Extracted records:
▬▬▬
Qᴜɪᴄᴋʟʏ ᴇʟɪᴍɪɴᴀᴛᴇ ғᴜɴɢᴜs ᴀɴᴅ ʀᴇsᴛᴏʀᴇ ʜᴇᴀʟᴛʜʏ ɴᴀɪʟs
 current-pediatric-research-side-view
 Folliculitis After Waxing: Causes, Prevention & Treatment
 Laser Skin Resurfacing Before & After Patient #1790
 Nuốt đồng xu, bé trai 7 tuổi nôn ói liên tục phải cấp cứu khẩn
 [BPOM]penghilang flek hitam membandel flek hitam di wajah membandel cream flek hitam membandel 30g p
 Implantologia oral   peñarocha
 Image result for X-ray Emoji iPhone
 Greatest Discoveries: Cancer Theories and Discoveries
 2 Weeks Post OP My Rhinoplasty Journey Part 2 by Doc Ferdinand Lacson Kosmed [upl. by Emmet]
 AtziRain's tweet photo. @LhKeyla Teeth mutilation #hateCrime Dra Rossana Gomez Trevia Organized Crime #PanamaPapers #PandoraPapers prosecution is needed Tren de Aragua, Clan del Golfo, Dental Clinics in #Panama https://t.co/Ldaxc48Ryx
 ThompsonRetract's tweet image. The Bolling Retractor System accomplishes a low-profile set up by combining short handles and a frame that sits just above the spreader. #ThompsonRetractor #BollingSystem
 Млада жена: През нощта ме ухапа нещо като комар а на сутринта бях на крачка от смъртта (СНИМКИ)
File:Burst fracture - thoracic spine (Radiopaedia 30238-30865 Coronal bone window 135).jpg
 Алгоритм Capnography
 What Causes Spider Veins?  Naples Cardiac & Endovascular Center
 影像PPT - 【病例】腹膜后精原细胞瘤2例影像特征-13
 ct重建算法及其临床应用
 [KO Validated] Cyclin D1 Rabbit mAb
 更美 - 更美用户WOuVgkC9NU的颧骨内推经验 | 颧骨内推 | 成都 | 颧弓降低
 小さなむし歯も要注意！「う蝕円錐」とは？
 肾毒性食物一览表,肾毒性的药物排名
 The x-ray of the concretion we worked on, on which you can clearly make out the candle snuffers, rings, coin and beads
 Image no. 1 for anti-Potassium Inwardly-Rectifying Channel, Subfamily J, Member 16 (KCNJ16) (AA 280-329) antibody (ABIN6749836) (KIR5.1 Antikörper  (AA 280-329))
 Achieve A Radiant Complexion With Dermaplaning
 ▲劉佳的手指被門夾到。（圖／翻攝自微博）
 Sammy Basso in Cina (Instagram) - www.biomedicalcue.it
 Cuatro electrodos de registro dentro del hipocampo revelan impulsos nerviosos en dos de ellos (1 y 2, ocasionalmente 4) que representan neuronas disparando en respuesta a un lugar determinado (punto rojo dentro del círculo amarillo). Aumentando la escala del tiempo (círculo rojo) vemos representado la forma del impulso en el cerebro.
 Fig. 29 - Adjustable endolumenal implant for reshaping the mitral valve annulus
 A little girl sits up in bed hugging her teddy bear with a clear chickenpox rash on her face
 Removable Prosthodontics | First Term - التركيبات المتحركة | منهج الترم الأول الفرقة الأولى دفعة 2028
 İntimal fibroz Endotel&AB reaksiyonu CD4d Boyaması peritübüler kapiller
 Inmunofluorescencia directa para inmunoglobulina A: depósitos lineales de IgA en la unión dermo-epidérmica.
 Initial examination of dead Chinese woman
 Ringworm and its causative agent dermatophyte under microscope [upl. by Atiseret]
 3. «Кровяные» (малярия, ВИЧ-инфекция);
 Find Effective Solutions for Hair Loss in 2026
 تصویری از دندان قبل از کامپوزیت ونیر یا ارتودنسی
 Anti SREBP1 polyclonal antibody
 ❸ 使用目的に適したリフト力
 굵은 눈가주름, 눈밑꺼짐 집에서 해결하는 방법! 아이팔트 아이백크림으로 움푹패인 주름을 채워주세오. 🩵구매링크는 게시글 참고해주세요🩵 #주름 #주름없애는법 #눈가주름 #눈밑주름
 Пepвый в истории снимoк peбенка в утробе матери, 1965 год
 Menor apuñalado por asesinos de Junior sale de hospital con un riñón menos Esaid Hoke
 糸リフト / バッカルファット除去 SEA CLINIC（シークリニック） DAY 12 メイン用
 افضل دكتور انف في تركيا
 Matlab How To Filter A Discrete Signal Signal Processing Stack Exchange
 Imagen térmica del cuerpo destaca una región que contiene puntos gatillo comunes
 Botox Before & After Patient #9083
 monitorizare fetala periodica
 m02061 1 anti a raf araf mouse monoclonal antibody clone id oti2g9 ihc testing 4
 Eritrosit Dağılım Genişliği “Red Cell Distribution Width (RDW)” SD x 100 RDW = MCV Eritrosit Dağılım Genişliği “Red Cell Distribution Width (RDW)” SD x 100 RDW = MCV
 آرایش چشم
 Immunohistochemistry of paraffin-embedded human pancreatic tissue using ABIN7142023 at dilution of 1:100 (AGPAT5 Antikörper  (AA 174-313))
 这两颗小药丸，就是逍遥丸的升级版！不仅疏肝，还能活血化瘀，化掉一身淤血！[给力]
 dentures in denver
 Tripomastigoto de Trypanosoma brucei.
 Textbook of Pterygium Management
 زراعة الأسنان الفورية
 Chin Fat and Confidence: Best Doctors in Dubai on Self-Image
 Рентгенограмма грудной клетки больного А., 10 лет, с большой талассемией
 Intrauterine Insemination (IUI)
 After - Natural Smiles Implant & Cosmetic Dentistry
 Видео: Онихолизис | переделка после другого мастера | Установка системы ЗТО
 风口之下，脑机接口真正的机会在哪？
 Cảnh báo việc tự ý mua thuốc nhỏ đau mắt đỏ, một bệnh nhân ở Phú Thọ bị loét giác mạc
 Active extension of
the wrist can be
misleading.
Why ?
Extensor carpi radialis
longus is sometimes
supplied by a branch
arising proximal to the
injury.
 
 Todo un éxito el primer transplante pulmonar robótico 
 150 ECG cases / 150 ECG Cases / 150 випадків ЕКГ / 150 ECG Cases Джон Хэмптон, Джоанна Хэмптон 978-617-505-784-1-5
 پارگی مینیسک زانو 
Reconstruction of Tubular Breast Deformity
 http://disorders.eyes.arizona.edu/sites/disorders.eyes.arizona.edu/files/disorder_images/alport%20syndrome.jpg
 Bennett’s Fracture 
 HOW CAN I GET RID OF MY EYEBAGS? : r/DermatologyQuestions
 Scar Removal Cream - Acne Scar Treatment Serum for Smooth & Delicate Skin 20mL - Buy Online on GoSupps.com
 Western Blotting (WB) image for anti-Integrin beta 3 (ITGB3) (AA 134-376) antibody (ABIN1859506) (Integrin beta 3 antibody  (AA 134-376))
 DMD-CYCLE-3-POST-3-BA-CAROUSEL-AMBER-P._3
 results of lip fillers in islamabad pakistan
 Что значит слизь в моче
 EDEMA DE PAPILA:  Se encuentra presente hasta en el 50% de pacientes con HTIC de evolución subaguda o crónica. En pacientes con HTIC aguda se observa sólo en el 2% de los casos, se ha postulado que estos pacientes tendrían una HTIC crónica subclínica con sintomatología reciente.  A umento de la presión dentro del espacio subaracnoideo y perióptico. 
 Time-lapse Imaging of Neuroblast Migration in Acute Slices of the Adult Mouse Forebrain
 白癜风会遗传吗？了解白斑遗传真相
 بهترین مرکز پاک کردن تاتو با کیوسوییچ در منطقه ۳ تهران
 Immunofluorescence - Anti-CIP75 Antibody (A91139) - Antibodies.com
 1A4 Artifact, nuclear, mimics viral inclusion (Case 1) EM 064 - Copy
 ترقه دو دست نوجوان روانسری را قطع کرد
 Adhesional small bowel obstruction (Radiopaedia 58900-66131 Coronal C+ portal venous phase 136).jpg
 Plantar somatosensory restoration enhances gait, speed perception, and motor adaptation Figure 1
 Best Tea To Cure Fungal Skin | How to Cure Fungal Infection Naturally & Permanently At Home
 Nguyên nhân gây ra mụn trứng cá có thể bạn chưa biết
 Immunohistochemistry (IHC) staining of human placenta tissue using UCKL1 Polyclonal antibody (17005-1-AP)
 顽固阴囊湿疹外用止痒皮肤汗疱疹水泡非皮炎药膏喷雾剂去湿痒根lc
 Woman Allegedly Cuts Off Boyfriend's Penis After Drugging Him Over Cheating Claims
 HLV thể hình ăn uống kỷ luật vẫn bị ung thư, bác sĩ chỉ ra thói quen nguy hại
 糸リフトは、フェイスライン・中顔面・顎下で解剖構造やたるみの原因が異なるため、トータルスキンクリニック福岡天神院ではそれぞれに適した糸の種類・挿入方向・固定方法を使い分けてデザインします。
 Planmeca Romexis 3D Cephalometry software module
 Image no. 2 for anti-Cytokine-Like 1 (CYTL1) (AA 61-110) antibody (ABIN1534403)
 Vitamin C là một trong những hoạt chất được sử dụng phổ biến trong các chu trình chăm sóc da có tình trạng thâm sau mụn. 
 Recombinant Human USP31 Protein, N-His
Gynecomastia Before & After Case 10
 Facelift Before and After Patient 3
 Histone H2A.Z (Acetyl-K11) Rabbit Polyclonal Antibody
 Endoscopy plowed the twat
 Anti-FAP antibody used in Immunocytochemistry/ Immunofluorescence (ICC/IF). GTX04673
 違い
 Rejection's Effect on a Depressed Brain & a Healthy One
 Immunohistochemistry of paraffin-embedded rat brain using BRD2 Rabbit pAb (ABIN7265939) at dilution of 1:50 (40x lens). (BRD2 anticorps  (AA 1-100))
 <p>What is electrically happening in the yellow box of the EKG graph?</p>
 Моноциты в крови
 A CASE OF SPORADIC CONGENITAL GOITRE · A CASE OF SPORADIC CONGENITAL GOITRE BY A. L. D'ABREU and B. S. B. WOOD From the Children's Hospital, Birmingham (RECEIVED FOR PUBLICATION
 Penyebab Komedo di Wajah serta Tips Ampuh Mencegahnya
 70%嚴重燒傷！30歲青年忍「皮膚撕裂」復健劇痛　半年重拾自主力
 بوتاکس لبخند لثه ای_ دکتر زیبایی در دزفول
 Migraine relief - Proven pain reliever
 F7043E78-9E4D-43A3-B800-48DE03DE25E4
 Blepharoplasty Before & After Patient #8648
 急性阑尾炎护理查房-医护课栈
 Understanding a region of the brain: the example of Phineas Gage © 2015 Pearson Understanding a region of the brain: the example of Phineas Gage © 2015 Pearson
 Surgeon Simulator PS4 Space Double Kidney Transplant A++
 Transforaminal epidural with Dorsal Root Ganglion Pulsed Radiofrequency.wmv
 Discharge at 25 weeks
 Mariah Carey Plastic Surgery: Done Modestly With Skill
▬▬▬
What to work on —
Among the records above, only the lines between the line holding "Anti SREBP1 polyclonal antibody" and the line holding "monitorizare fetala periodica", inclusive, are to be output, exactly as written.

Answer box —
 Anti SREBP1 polyclonal antibody
 ❸ 使用目的に適したリフト力
 굵은 눈가주름, 눈밑꺼짐 집에서 해결하는 방법! 아이팔트 아이백크림으로 움푹패인 주름을 채워주세오. 🩵구매링크는 게시글 참고해주세요🩵 #주름 #주름없애는법 #눈가주름 #눈밑주름
 Пepвый в истории снимoк peбенка в утробе матери, 1965 год
 Menor apuñalado por asesinos de Junior sale de hospital con un riñón menos Esaid Hoke
 糸リフト / バッカルファット除去 SEA CLINIC（シークリニック） DAY 12 メイン用
 افضل دكتور انف في تركيا
 Matlab How To Filter A Discrete Signal Signal Processing Stack Exchange
 Imagen térmica del cuerpo destaca una región que contiene puntos gatillo comunes
 Botox Before & After Patient #9083
 monitorizare fetala periodica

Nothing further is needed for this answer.